To use Pegged, just call the `grammar` function with a PEG and 
mix it in. For example:


import pegged.grammar;

mixin(grammar("
     Expr     <- Factor AddExpr*
     AddExpr  <- ('+'/'-') Factor
     Factor   <- Primary MulExpr*
     MulExpr  <- ('*'/'/') Primary
     Primary  <- Parens / Number / Variable / '-' Primary

     Parens   <- '(' Expr ')'
     Number   <~ [0-9]+
     Variable <- Identifier
"));



This creates the `Expr`, `AddExpr`, `Factor` (and so on) parsers 
for basic arithmetic expressions with operator precedence ('*' 
and '/' bind stronger than '+' or '-'). `Identifier` is a 
pre-defined parser recognizing your basic C-style identifier. 
Recursive or mutually recursive rules are OK (no left recursion 
for now).

To use a parser, use the `.parse` method.
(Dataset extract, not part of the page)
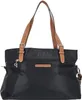A black tote bag with brown leather accents and straps is shown against a white background. Voir les images du produit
It will return a parse 
tree containing the calls to the different rules:

// Parsing at compile-time:
enum parseTree1 = Expr.parse("1 + 2 - (3*x-5)*6");

pragma(msg, parseTree1.capture);
writeln(parseTree1);

// And at runtime too:
auto parseTree2 = Expr.parse(" 0 + 123 - 456 ");
assert(parseTree2.capture == ["0", "+", "123", "-", "456"]);



Features
--------

* The complete set of PEG operators are implemented
* Pegged can parse its input at compile time and generate a 
complete parse tree at compile time. In a word: compile-time 
string (read: D code) transformation and generation.
* You can parse at runtime also, you lucky you.
* Use a standard and readable PEG syntax as a DSL, not a bunch of 
templates that hide the parser in noise.
* But you can use expression templates if you want, as parsers 
are all available as such. Pegged is implemented as an expression 
template, and what's good for the library writer is sure OK for 
the user too.
* Some useful additional operators are there too: a way to 
discard matches (thus dumping them from the parse tree), to push 
captures on a stack, to accept matches that are equal to another 
match
* Adding new parsers is easy.
* Grammars are composable: you can put different 
`mixin(grammar(rules));` in a module and then grammars and rules 
can refer to one another. That way, you can have utility grammars 
providing their functionalities to other grammars.
* That's why Pegged comes with some pre-defined grammars (JSON, 
etc).
* Grammars can be dumped in a file to create a D module.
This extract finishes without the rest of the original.